When a Chinese scientist known as JK genetically engineered two children a bit ago, outrage was (temporarily) expressed. “The scientists” wrung their hands about the ethics of it all — but I suspect it’s all a con. They weren’t upset about what was done, but when, that is, before the public had been sufficiently anesthetized.

The Chinese government reacted to the world’s (transitory) outrage by arresting JK, claiming he was a rogue actor. Are you kidding me? China is the most technologically sophisticated tyranny the world has ever seen. Nothing that important happens there without somebody in high places knowing about it.

Now, Chinese scientists have genetically engineered a monkey to make it more human. From the MIT Technology Review:

“This was the first attempt to understand the evolution of human cognition using a transgenic monkey model,” says Bing Su, the geneticist at the Kunming Institute of Zoology who led the effort.

According to their findings, the modified monkeys did better on a memory test involving colors and block pictures, and their brains also took longer to develop—as those of human children do. There wasn’t a difference in brain size.

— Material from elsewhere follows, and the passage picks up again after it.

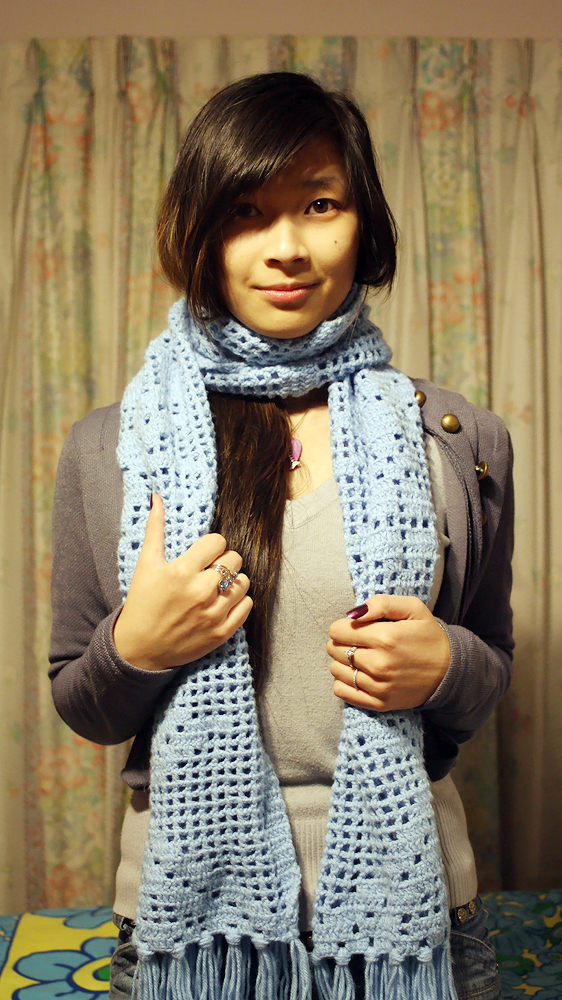 Blue Scarf knitted by my best friend Lilian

Swell. A few years ago we were promised experiments that would effect the brain would never be done in mice. They were right. It was done in monkeys!

My friend, the bioethicist William Hurlbut has often worried about “outsourcing ethics,” that is, Western scientists and funders cooperating with experiments in countries with an “anything goes” approach, allowing them to participate in research considered unethical in their own countries while remaining in good odor among their peers.